> Assigned task:
Return the following from the records below: each line, word for word, starting with the line that contains "Rompi Pria Tanpa" and going on through the line that contains "Anchor Grey Soft", with nothing outside that range.

○ ○ ○ ○

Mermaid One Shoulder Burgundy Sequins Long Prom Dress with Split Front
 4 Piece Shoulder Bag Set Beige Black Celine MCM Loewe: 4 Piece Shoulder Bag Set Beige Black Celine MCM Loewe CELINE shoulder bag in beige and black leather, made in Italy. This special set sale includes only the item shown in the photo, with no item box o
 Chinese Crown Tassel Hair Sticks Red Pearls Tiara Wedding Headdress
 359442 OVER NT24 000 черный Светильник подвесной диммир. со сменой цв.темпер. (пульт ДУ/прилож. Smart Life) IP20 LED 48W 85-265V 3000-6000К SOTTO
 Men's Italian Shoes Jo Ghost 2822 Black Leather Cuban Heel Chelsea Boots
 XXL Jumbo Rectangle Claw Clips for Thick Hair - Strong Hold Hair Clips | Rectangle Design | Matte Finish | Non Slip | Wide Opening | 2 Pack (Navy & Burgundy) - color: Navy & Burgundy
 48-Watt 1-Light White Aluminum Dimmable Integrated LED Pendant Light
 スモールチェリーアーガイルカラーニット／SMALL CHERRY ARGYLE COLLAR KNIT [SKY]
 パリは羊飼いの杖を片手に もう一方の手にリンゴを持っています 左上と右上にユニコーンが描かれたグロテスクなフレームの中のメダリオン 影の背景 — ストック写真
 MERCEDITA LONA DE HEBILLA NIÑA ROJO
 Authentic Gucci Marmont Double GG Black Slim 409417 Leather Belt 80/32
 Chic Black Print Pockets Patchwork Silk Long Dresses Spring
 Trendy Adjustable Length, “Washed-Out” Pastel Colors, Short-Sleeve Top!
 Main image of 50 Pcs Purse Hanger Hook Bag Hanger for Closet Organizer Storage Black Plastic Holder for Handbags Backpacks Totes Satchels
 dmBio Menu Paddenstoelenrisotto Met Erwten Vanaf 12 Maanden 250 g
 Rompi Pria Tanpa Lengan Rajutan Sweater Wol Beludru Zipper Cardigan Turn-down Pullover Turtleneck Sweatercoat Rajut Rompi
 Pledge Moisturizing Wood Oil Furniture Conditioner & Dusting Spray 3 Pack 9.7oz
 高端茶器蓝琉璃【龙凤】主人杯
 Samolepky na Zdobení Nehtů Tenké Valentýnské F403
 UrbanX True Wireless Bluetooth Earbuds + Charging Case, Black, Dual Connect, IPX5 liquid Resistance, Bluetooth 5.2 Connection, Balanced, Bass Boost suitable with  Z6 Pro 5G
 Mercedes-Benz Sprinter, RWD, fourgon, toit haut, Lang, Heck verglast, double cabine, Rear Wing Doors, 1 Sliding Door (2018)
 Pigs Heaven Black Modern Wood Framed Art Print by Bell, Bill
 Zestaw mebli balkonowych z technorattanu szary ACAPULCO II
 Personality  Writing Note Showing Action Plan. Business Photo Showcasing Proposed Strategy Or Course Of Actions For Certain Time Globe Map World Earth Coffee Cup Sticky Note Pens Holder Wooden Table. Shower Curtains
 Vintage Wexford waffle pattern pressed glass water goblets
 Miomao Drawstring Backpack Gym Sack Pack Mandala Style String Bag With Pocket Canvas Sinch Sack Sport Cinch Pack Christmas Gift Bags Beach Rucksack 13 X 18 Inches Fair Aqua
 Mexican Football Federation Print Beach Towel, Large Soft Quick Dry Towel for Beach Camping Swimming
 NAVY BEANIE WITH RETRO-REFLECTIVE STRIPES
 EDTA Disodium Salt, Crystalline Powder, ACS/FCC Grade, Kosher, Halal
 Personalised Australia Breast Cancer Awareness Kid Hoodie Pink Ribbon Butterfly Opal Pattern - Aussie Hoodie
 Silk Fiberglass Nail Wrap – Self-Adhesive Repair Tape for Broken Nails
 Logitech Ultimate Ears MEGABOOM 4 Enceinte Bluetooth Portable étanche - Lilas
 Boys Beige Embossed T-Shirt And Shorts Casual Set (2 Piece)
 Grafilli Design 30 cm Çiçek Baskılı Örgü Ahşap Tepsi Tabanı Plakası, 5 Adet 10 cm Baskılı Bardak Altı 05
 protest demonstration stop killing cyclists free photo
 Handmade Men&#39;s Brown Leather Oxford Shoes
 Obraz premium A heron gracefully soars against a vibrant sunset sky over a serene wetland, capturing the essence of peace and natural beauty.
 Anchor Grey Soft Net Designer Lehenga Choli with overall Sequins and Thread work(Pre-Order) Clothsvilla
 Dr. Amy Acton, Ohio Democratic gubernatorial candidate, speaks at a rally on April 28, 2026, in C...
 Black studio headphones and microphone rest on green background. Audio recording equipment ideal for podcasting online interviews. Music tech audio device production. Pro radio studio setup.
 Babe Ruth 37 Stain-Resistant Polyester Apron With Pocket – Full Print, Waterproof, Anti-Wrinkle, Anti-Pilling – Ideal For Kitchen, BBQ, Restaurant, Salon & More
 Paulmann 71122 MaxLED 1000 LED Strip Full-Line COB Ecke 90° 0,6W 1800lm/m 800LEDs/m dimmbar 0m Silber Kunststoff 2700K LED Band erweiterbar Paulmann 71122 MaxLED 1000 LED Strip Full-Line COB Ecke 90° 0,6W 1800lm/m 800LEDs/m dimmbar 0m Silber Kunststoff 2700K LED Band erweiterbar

○ ○ ○ ○

> Exercise solution:
 Rompi Pria Tanpa Lengan Rajutan Sweater Wol Beludru Zipper Cardigan Turn-down Pullover Turtleneck Sweatercoat Rajut Rompi
 Pledge Moisturizing Wood Oil Furniture Conditioner & Dusting Spray 3 Pack 9.7oz
 高端茶器蓝琉璃【龙凤】主人杯
 Samolepky na Zdobení Nehtů Tenké Valentýnské F403
 UrbanX True Wireless Bluetooth Earbuds + Charging Case, Black, Dual Connect, IPX5 liquid Resistance, Bluetooth 5.2 Connection, Balanced, Bass Boost suitable with  Z6 Pro 5G
 Mercedes-Benz Sprinter, RWD, fourgon, toit haut, Lang, Heck verglast, double cabine, Rear Wing Doors, 1 Sliding Door (2018)
 Pigs Heaven Black Modern Wood Framed Art Print by Bell, Bill
 Zestaw mebli balkonowych z technorattanu szary ACAPULCO II
 Personality  Writing Note Showing Action Plan. Business Photo Showcasing Proposed Strategy Or Course Of Actions For Certain Time Globe Map World Earth Coffee Cup Sticky Note Pens Holder Wooden Table. Shower Curtains
 Vintage Wexford waffle pattern pressed glass water goblets
 Miomao Drawstring Backpack Gym Sack Pack Mandala Style String Bag With Pocket Canvas Sinch Sack Sport Cinch Pack Christmas Gift Bags Beach Rucksack 13 X 18 Inches Fair Aqua
 Mexican Football Federation Print Beach Towel, Large Soft Quick Dry Towel for Beach Camping Swimming
 NAVY BEANIE WITH RETRO-REFLECTIVE STRIPES
 EDTA Disodium Salt, Crystalline Powder, ACS/FCC Grade, Kosher, Halal
 Personalised Australia Breast Cancer Awareness Kid Hoodie Pink Ribbon Butterfly Opal Pattern - Aussie Hoodie
 Silk Fiberglass Nail Wrap – Self-Adhesive Repair Tape for Broken Nails
 Logitech Ultimate Ears MEGABOOM 4 Enceinte Bluetooth Portable étanche - Lilas
 Boys Beige Embossed T-Shirt And Shorts Casual Set (2 Piece)
 Grafilli Design 30 cm Çiçek Baskılı Örgü Ahşap Tepsi Tabanı Plakası, 5 Adet 10 cm Baskılı Bardak Altı 05
 protest demonstration stop killing cyclists free photo
 Handmade Men&#39;s Brown Leather Oxford Shoes
 Obraz premium A heron gracefully soars against a vibrant sunset sky over a serene wetland, capturing the essence of peace and natural beauty.
 Anchor Grey Soft Net Designer Lehenga Choli with overall Sequins and Thread work(Pre-Order) Clothsvilla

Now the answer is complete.